Where we'd add stronger auth#
If we needed to restrict a recording link to a specific person — say, for an enterprise customer who didn't want their testimonial request discoverable even by accident — we'd add a one-time token verification step. The link would contain both the slug and a single-use token. On first access, the token is burned and a session cookie is set. Subsequent accesses use the session.

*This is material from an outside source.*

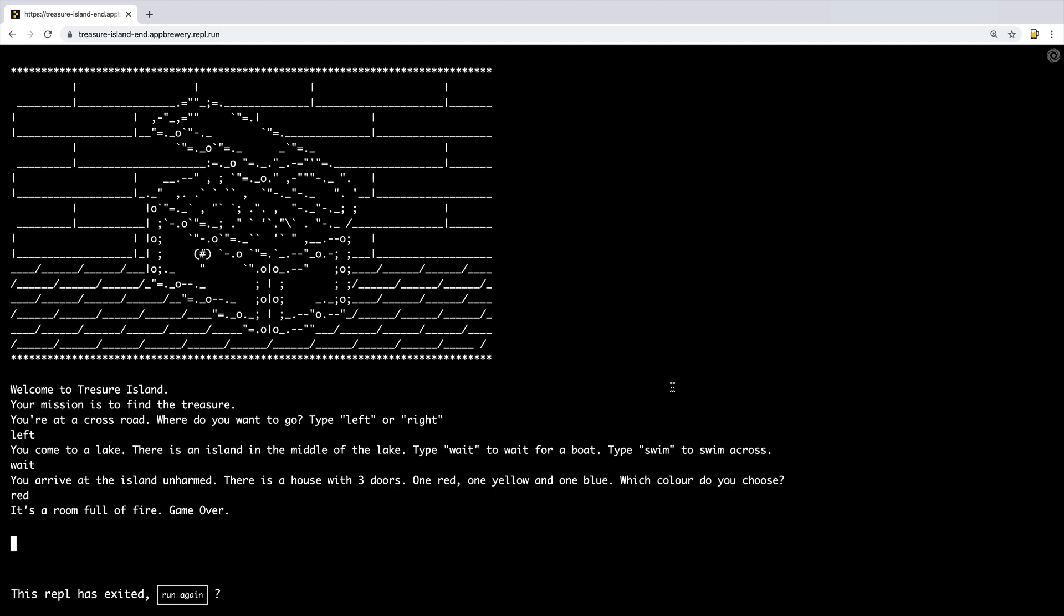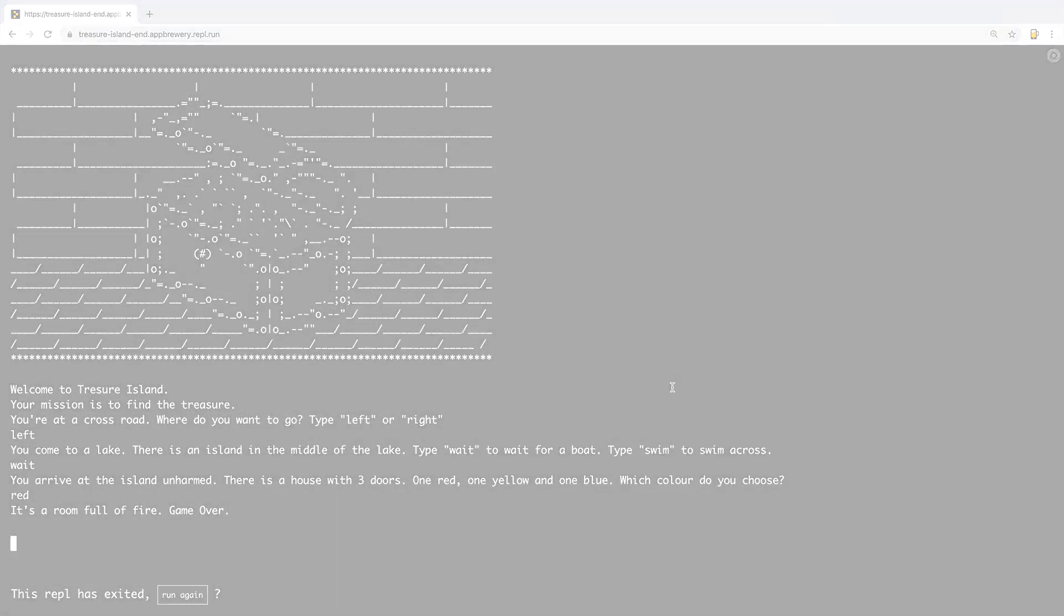And once you're ready, head over to the next lesson and we're going to start picking up the skills that's going to be required in order to build this game. So I'll see you on the next lesson.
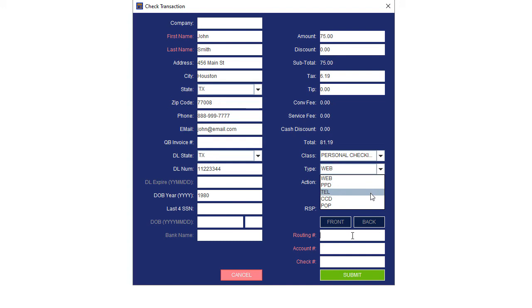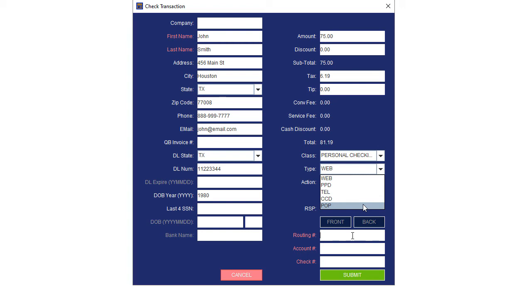TEL is telephone-initiated transaction. Use this type if you acquired the check information over the phone. CCD is only used for a corporate client via a corporate check, and POP is for point-of-sale check transaction. You only want to use this option if you are using an electronic check reader to convert the check into an electronic transaction. This type of transaction requires that you hand the check back to the customer.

We haven't built this because the customer feedback hasn't required it. The entropy of the slug is sufficient security for how testimonial collection actually works. The recording link is sent directly to a customer you've chosen, not broadcast.
The slug column in the database#
The slug is stored as text with a unique index:
CREATE UNIQUE INDEX testimonial_requests_unique_link_slug_key
ON testimonial_requests(unique_link_slug);
Lookups are O(log n) via the index. We never scan the entire table. The UNIQUE constraint prevents accidental collisions — if generateSlug() happened to produce the same value twice (probability negligible but non-zero over millions of slugs), the INSERT would fail and the application would retry with a new slug.
Frequently asked
Quick answers
What if a customer shares the recording link publicly? Can anyone else submit a testimonial?+
Yes — anyone with the link can submit. This is by design for the recording flow. The recording page is for a specific customer but it's not locked to their identity. In practice this isn't a problem because the link is only sent to customers you've already chosen to ask, and testimonials are pending until you approve them. Any spam submissions get rejected and don't affect your public wall.
How do you revoke access to a recording link or embed wall?+
For recording links, set the request status to 'paused' or 'completed' — the API checks status before accepting submissions. For embed walls, generating a new embed slug invalidates the old one immediately. The old URLs return 404 from the API; any cached embed scripts will fail their next fetch and show an error state.
Isn't storing an unguessable slug in the database enough? Why not use UUID v4 directly?+
UUID v4 is also random and would also work. We use a shorter custom slug (10 chars from a 36-char alphabet) for two reasons: URLs that users see in the browser should be short and copyable, and we wanted to control the character set explicitly to avoid characters that cause issues in URLs or are visually confusing (0 vs O, 1 vs l). UUID v4's 122 bits of randomness is overkill for this use case; 10 × log2(36) ≈ 51.7 bits is more than enough.